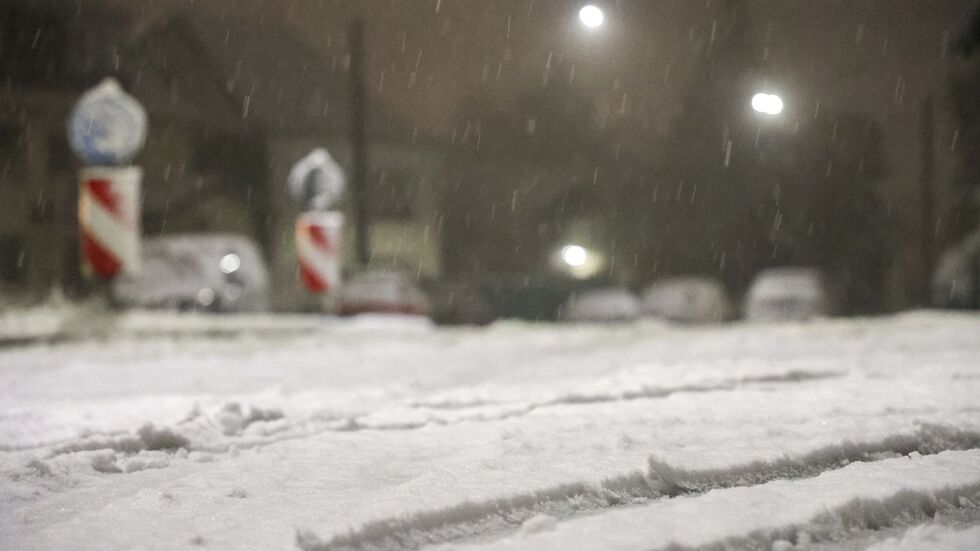 In der Nacht zu Donnerstag hat es in einigen Regionen weiter geschneit. 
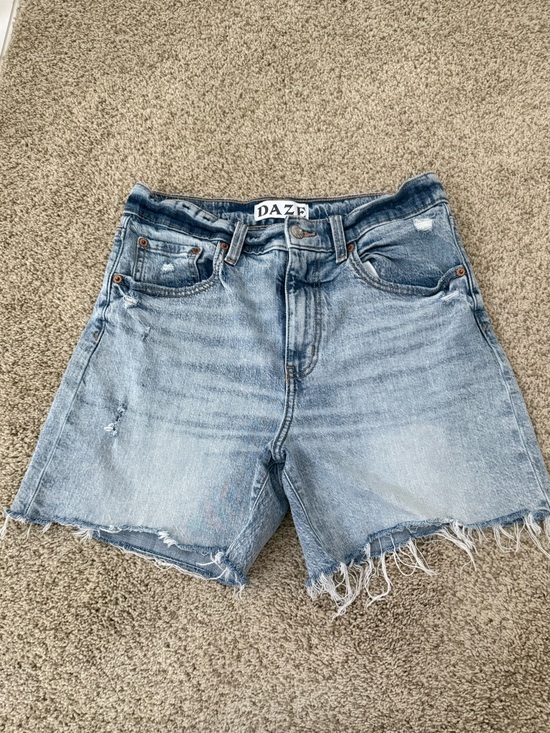 Daze Pants - Daze Organic Cotton Distressed Jean Shorts Size 27
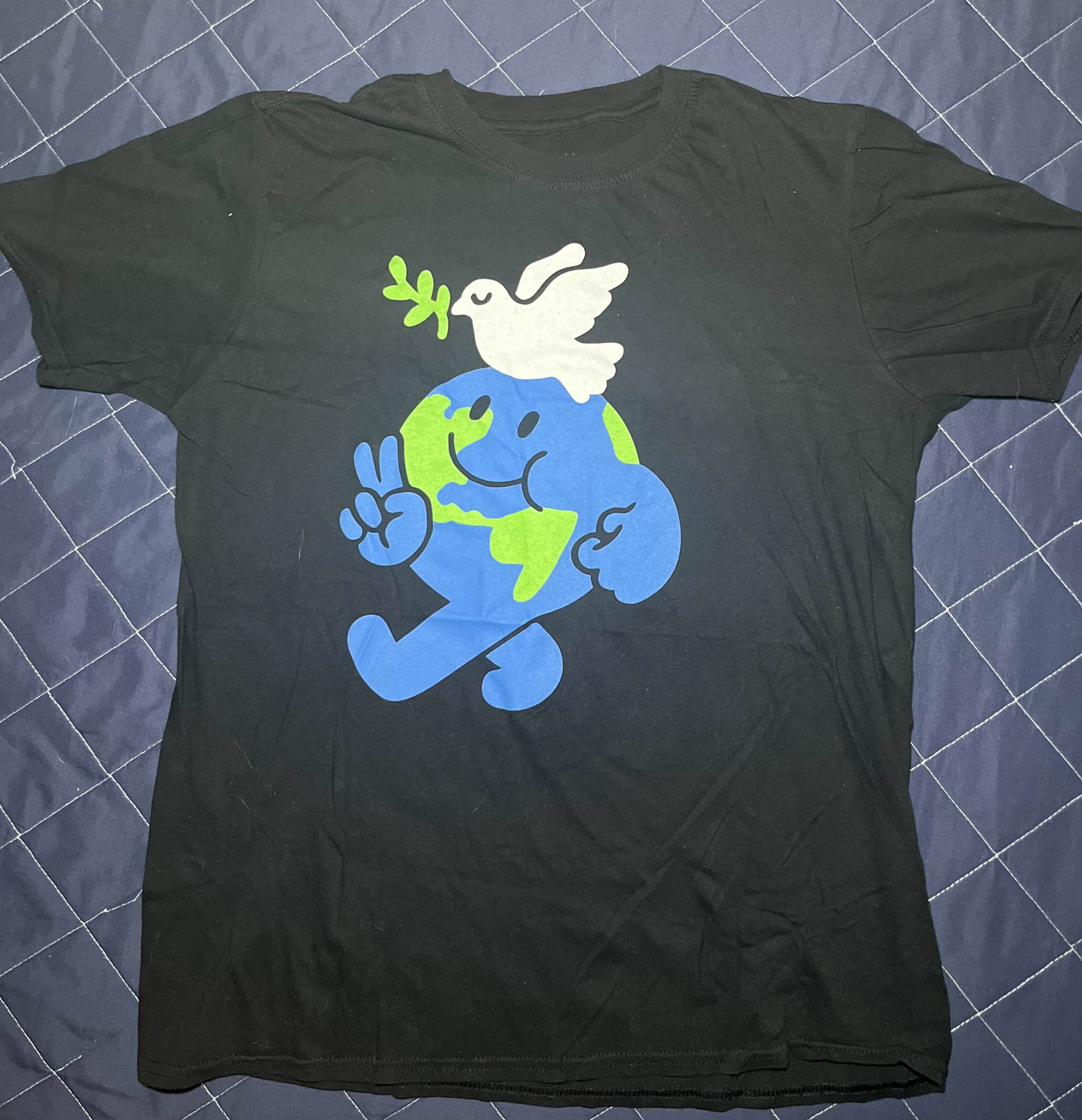 Threadless Vintage Y2K Threadless Black short Sleeve T-shirt Of Earth Size US M / EU 48-50 / 2 - 1 Thumbnail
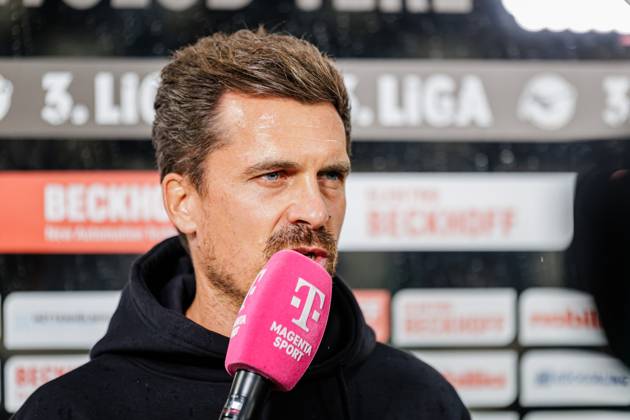 Thomas Stamm SG Dynamo Dresden, Head Coach in an interview with Magenta TV GER, SC Verl vs SG Dynamo Dresden, Football, 3 Liga, Matchday 7, Season 2024 2025, 25 09 2024 DFL Regulations prohibit any use of photographers as image sequences and or quasi video GER, SC Verl vs SG Dynamo Dresden, Football, 3 Liga, Matchday 7, Season 2024 2025, 25 09 2024 Verl Copyright: xEibner-Pressefotox xJanxRollingerx EP_JSK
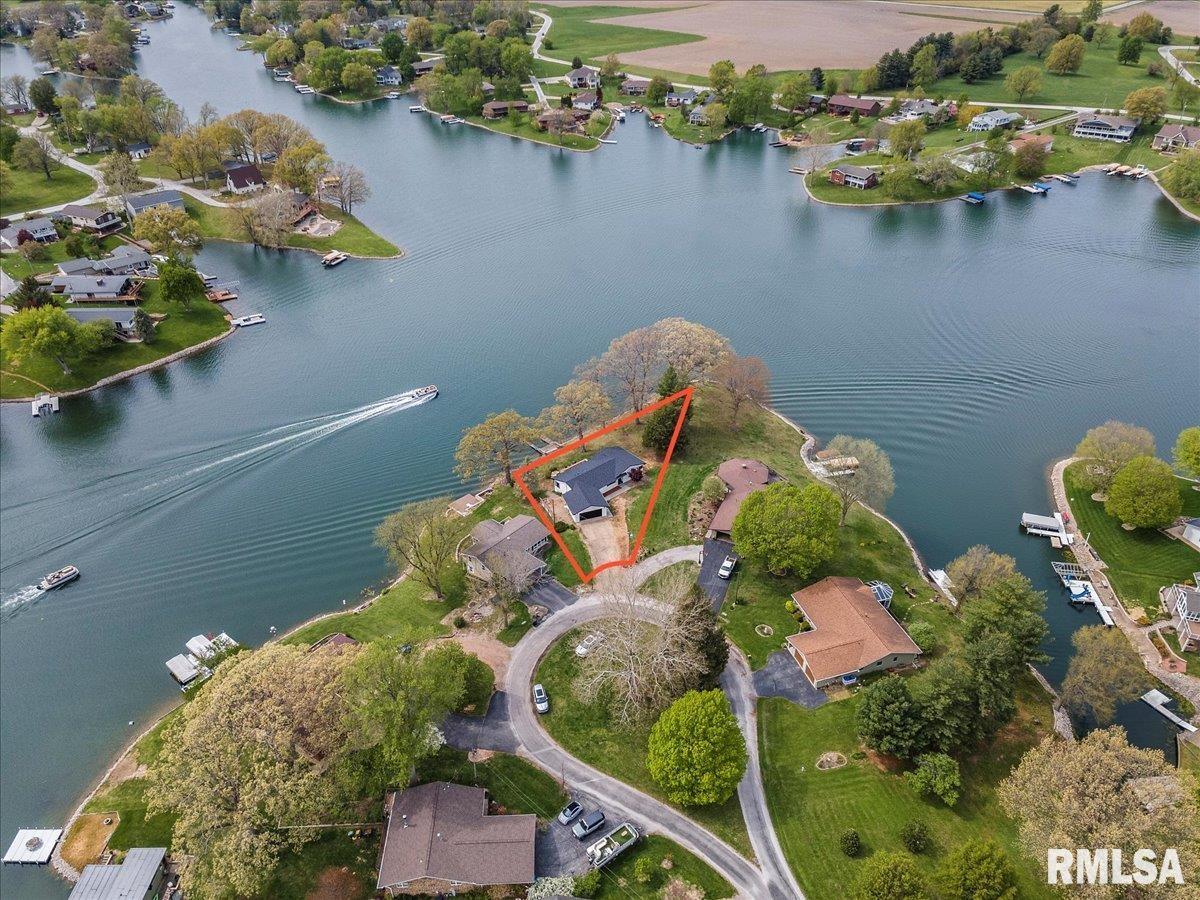 814 Poplar Loop Petersburg, IL 62675 - Photo 2 of 52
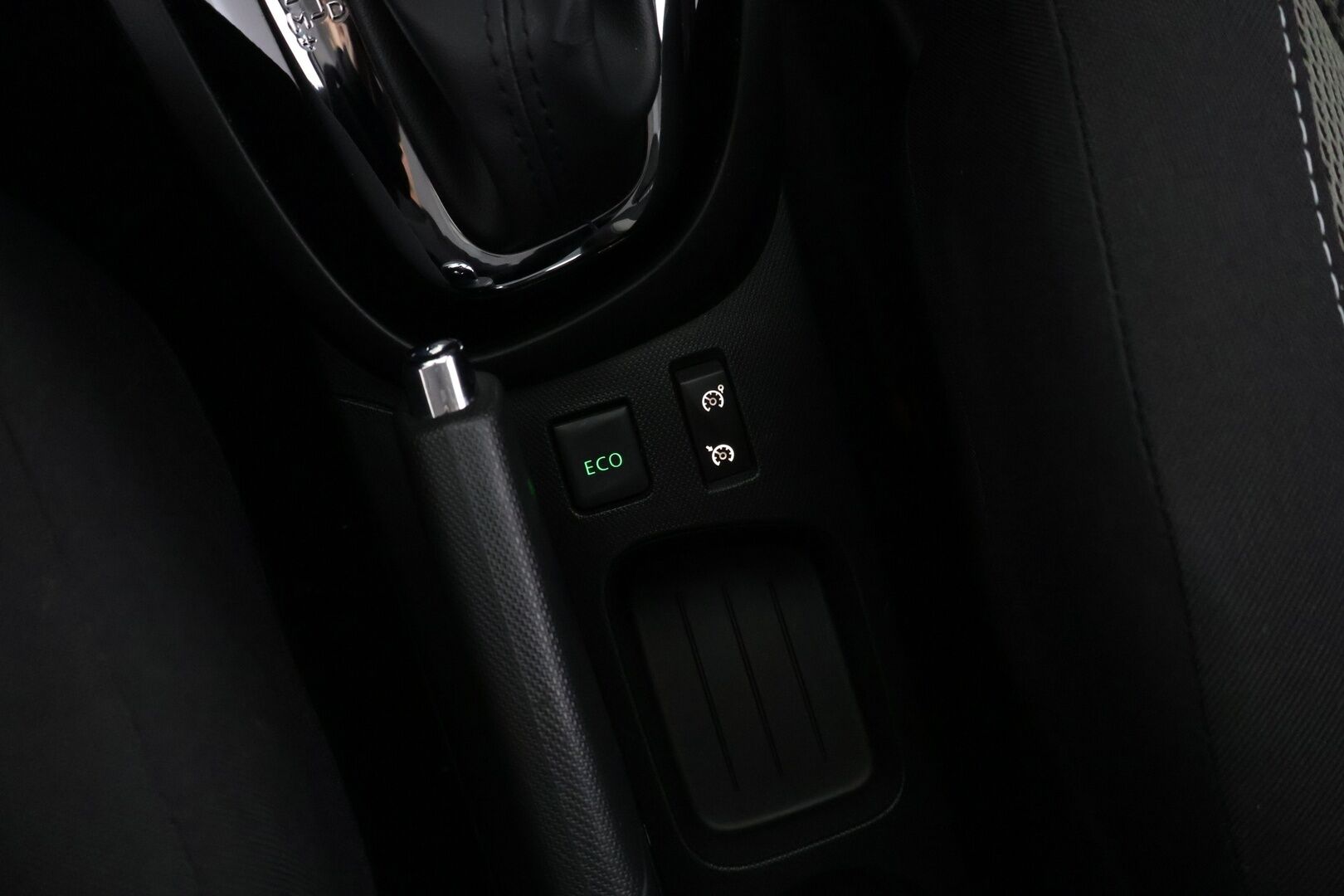 Renault Captur 2016 TCe 120 S&S EDC-aut Navi Style - Kahdet hyvät renkaat / vakkari / navi / kessy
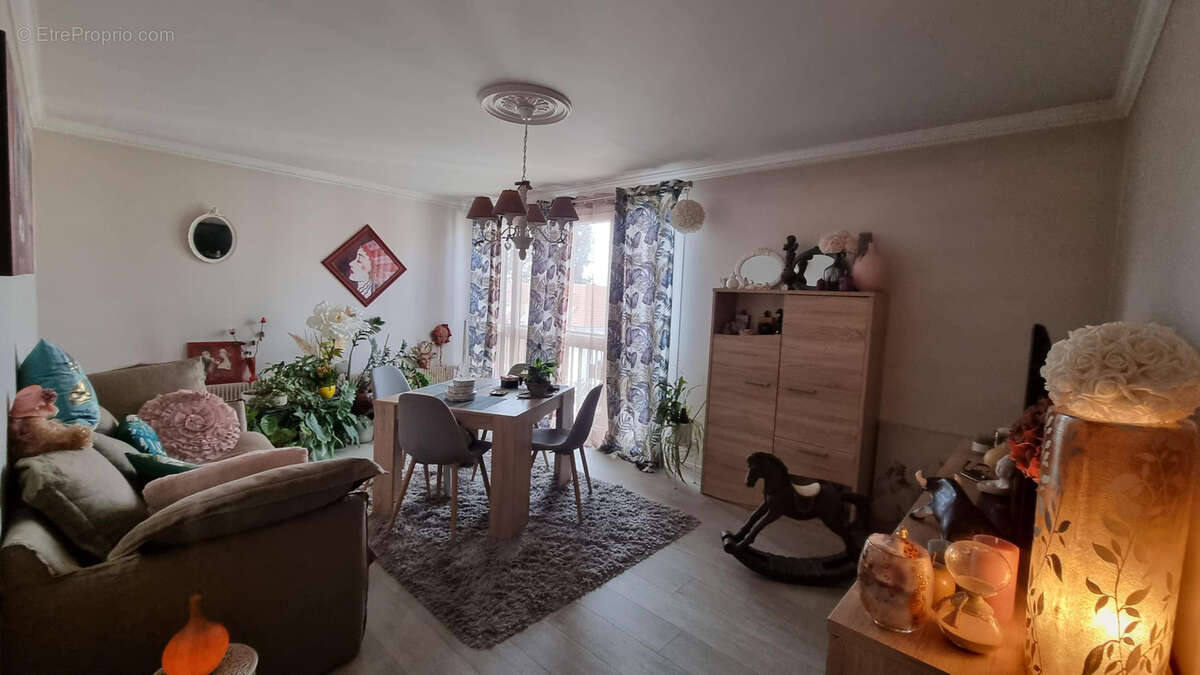 Appartement à VILLEMOMBLE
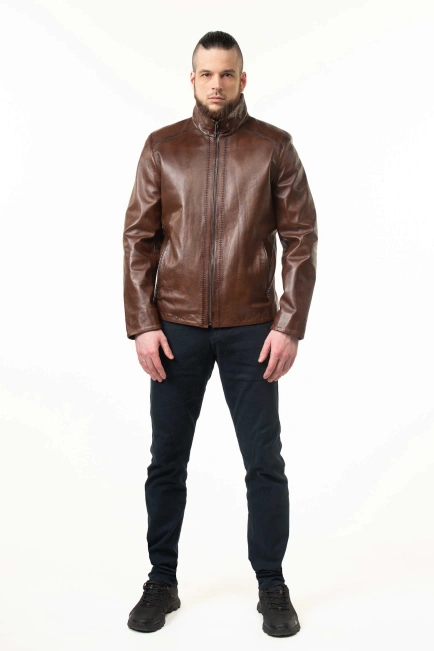 Шкіряна куртка у коричневому відтінку зі швами-8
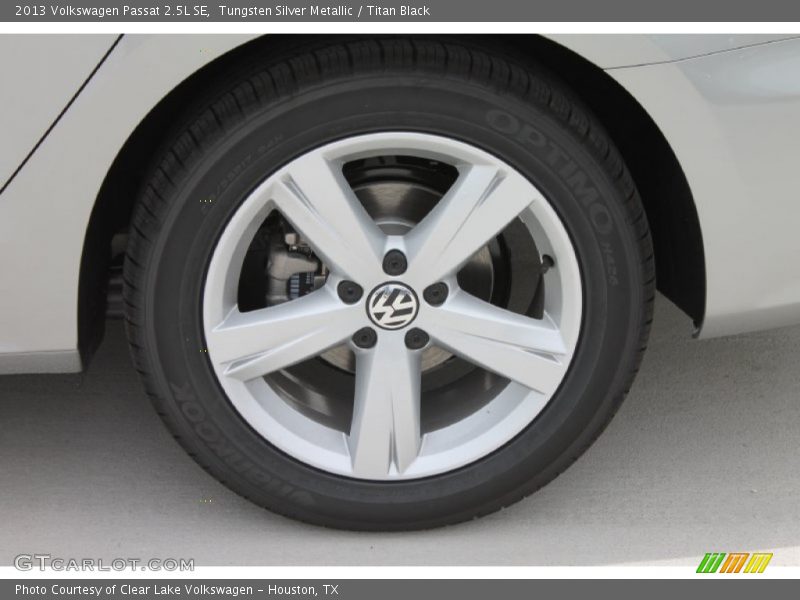 Tungsten Silver Metallic / Titan Black 2013 Volkswagen Passat 2.5L SE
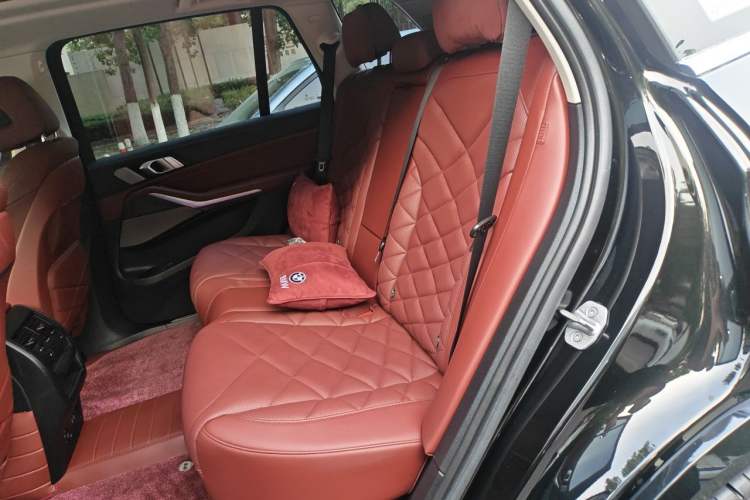 Used BMW X5 2022 xDrive 30Li Luxury M Sport Package Left Rear Seat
· · ·
[Required work]:
Give again exactly the lines from the one holding "Tungsten Silver Metallic" to the final line of the records, both ends included; any pictures stay out.

[Exercise output]:
 Tungsten Silver Metallic / Titan Black 2013 Volkswagen Passat 2.5L SE
 Used BMW X5 2022 xDrive 30Li Luxury M Sport Package Left Rear Seat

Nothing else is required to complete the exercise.